Hearing stories about our family history, our early years, and where we come from helps us develop a sense of self and claim our place in the world.   Years after the God’s promise to Abraham and Sarah was fulfilled I can imagine young Isaac asking, “Tell me again about when I was born.  Tell me again about how God told you to leave grandpa’s place.  Tell me again how the angels visited.  Tell me again how you laughed at them when they said you would have a baby.”   I can imagine Abraham and Sarah telling the story over and over again – because it’s an amazing story, and because they wanted Isaac to know about the God who promised, and gave, them a son.  And I bet, no matter how many times it was told, Isaac never got tired of hearing it and Abraham and Sarah never got tired of telling it.

Abraham and Sarah took a chance on God and set out on a journey that set the course for many generations to come.  From Abraham and Sarah grew a nation that would become Israel, a faith that would point to the God of love, a series of writings that would become our Scripture and the man, Jesus, sent to us by God to show us the way to life.  That’s one heck of a family story.

So what’s your family story?  What are the stories that you want to hear over and over again?  What are the stories that you tell your children?   What are the stories that come up at every Thanksgiving or Christian or 4th of July BBQ that never grow old?  And what stories might you want to share with us…. of how your family shaped your faith, helped you learn important life lessons, or gave you perspective – good or bad – that shaped you into the person you are today?  In the weeks to come you will have the chance to share your family stories and, in doing so, celebrate our unique and common experiences.

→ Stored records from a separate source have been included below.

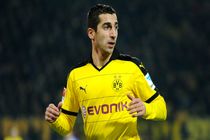 رقم واقعی قرارداد بازیکن جدید منچستریونایتد اعلام شد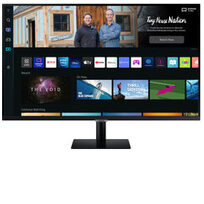 Samsung LS27BM500EUXEN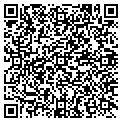 QR code with Fresh Aire contacts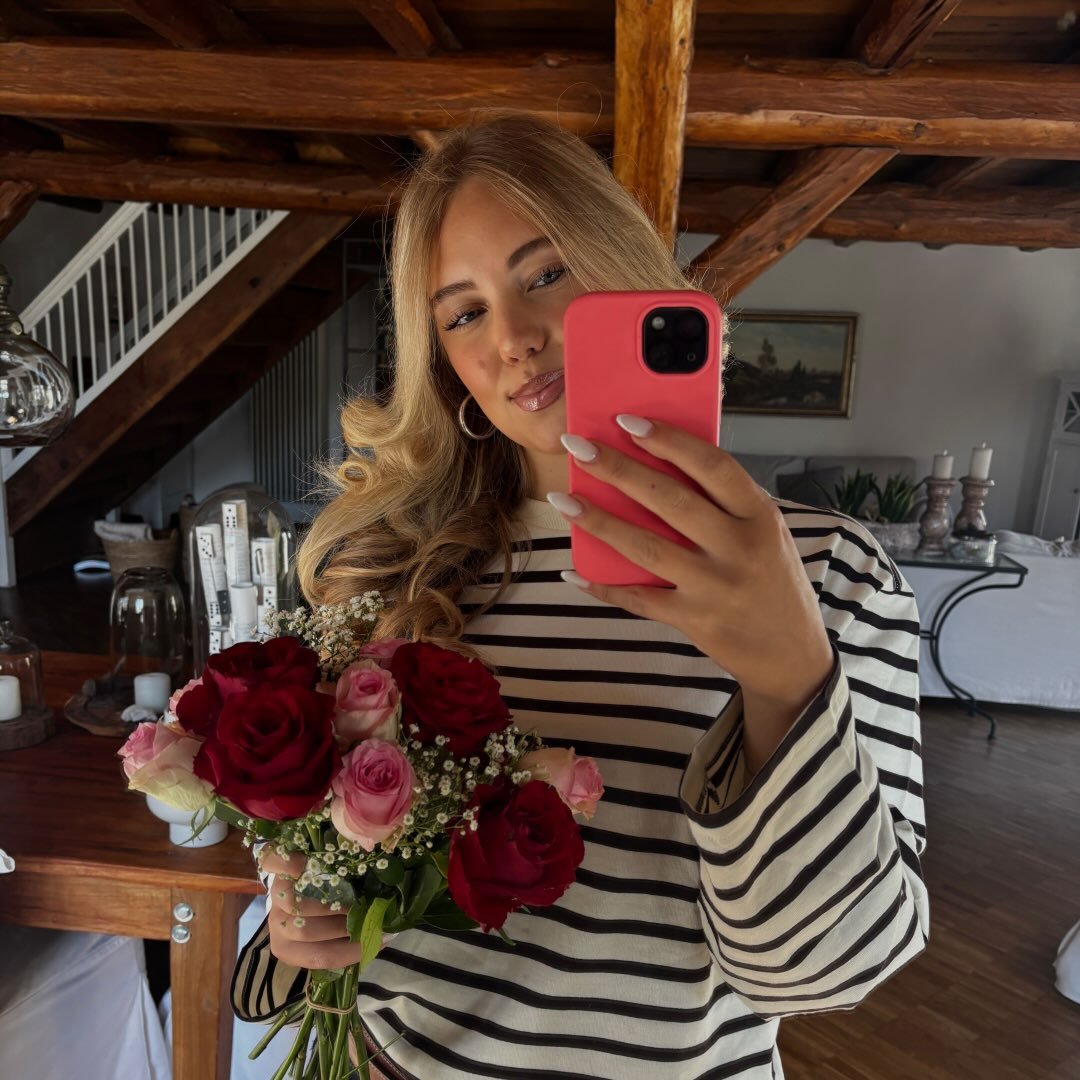 Instagram Profilbild von clara.kos3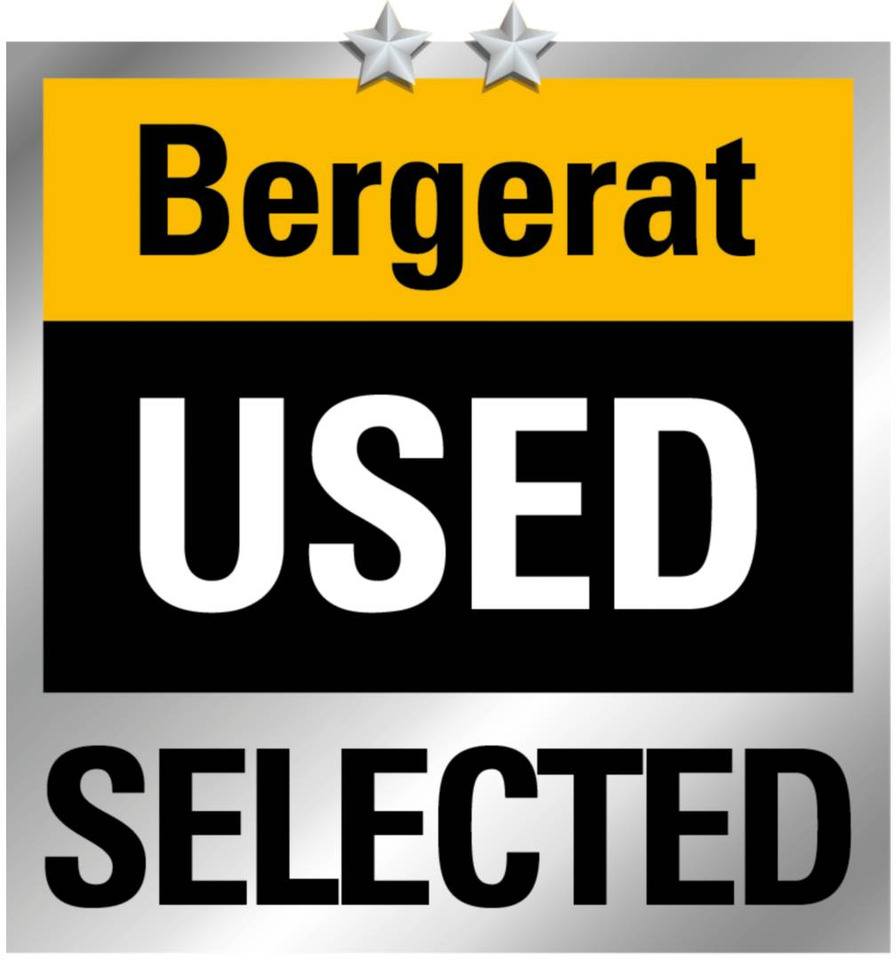 CAT 908M - Máy xúc lật bánh lốp: hình 2 CAT 908M - Máy xúc lật bánh lốp: hình 2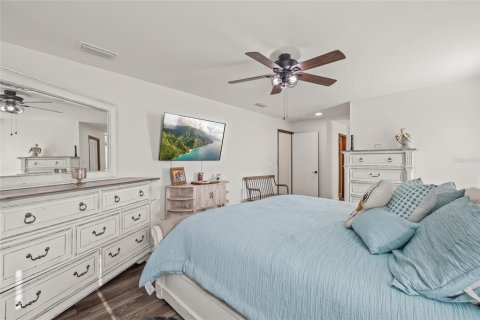 Villa ou maison à vendre à Spring Hill, Floride: 3 chambres, 182.55 m2 № 1915756 - photo 20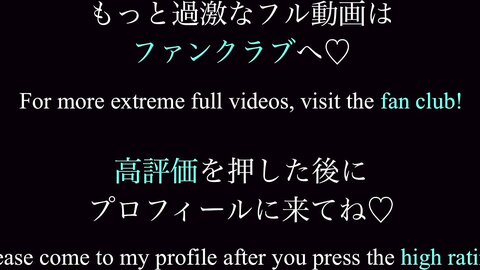 Erotic Vixen Cumming Hard Cunnilingus On Her Bellyjapanese Coupleamateur
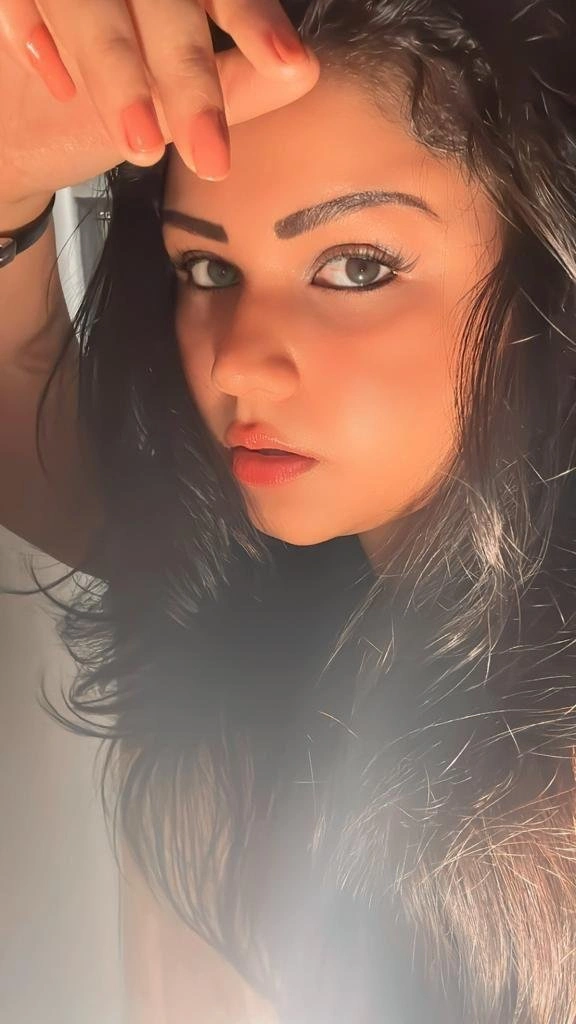kanpur call girl service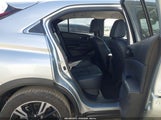 Mitsubishi Eclipse Cross Black Edition S-Awc/Se S-Awc/Sel S-Awc JA4ATWAA5SZ035079 снимка
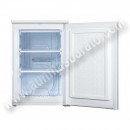 Comprar Congelador Edesa EZS0811WHA online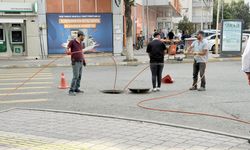 Iğdır Telekom İnternet Altyapısını Güçlendiriyor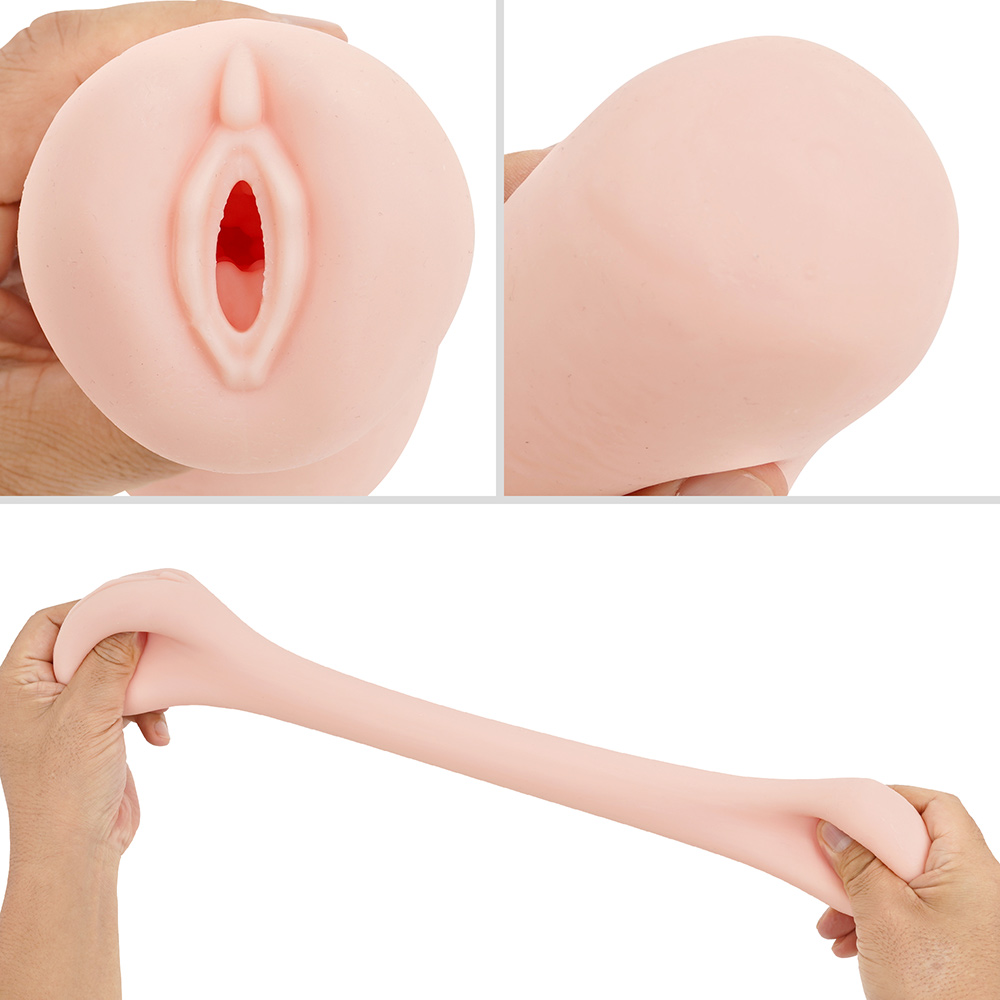 現役JDの商品画像 6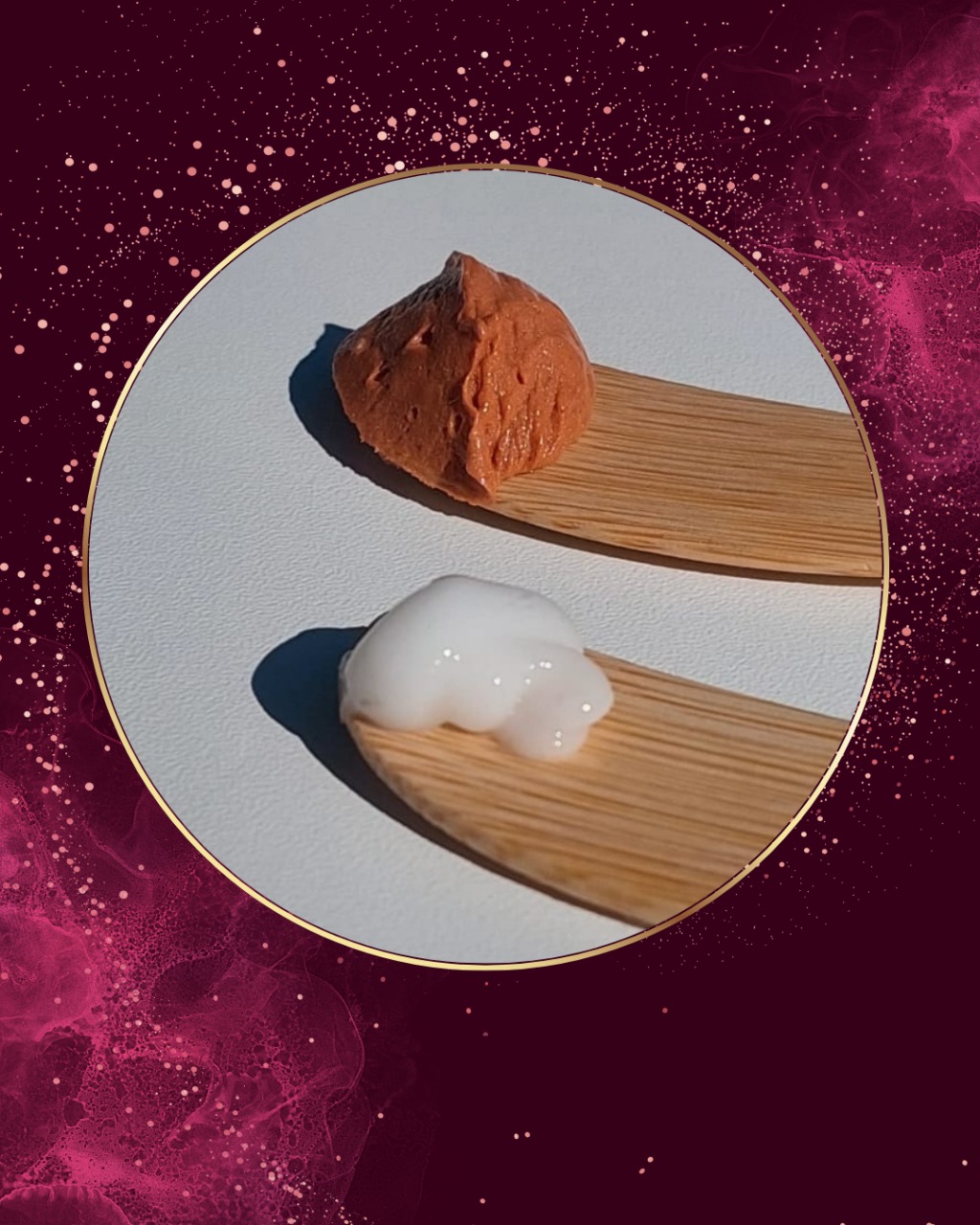 creme 2 post
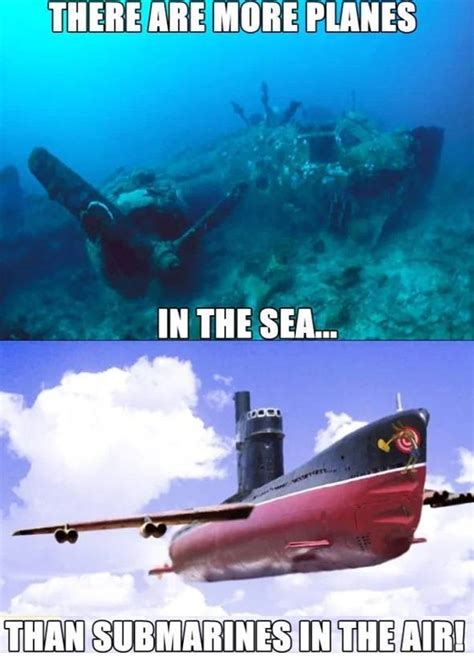 View, download, rate, and comment on 1 submarine gifs. Go Underwater With These Submarine Memes (43 PICS ...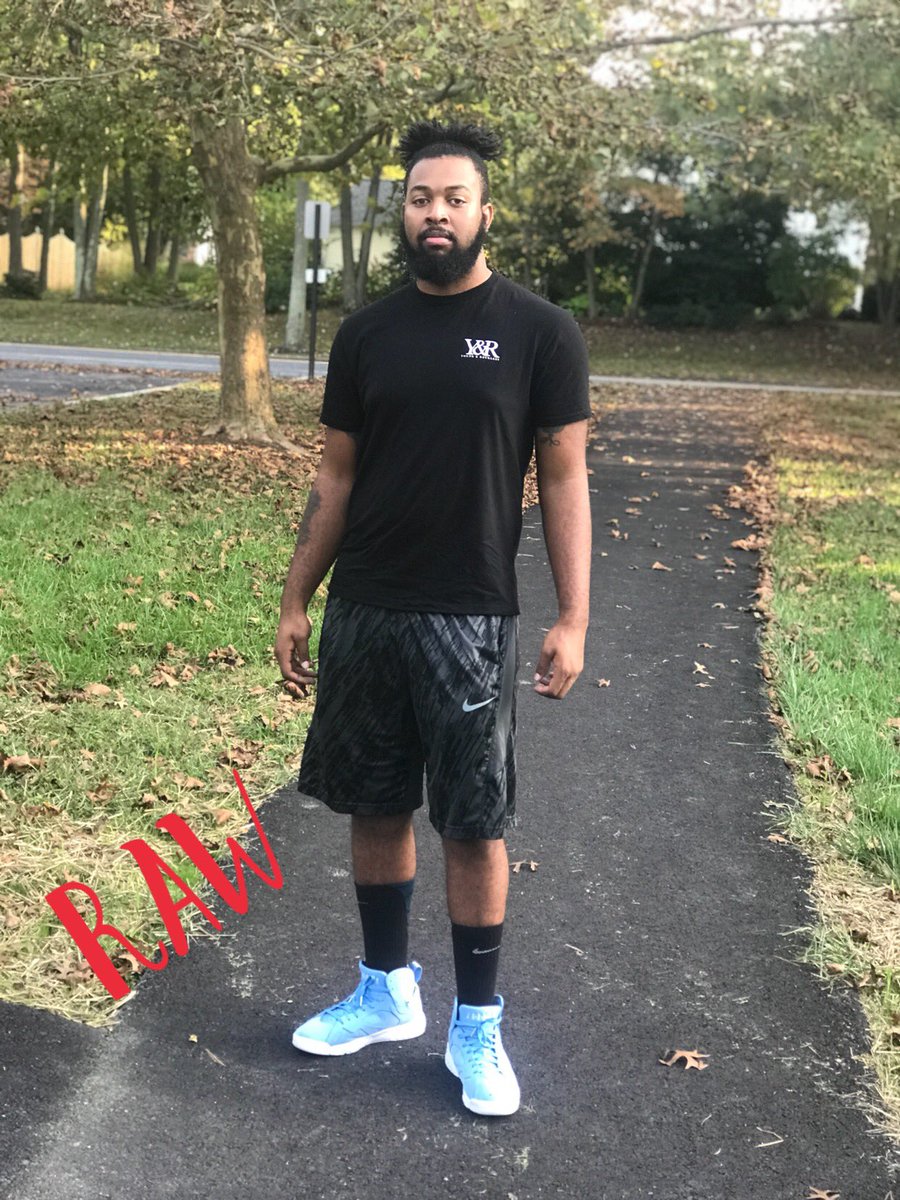 KINGCURT2TUFF's tweet photo. New start #MWG™️ https://t.co/yYe0Krw0dg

The Scripture tells us that Sarah laughed when she overheard the angels tell Abraham that she would have a baby.  She laughed because it was a ridiculous promise – a baby when she was nearly 90 years old!  Unbelievable!  But maybe she also laughed because it was such good news.  Maybe God gave her a glimpse of what her life was going to be like as a new mother with a beautiful baby boy.  Maybe that is why she named her boy Isaac, which means laughter.   And maybe she thought of that laugh every time Isaac asked, “Tell me again, Mommy, about when the angels came to visit.”

The Biblical families we will hear about over the next few weeks are not perfect families.  We will hear stories about jealousy, revenge, trickery, and deception.  Yet God promised that through them the world would be blessed.  And neither are ours’ perfect families.  Perhaps together we will discover how God’s uses our great variety of families, in all their imperfections, to continue to bless the world today.  Let it be so, God.  Amen.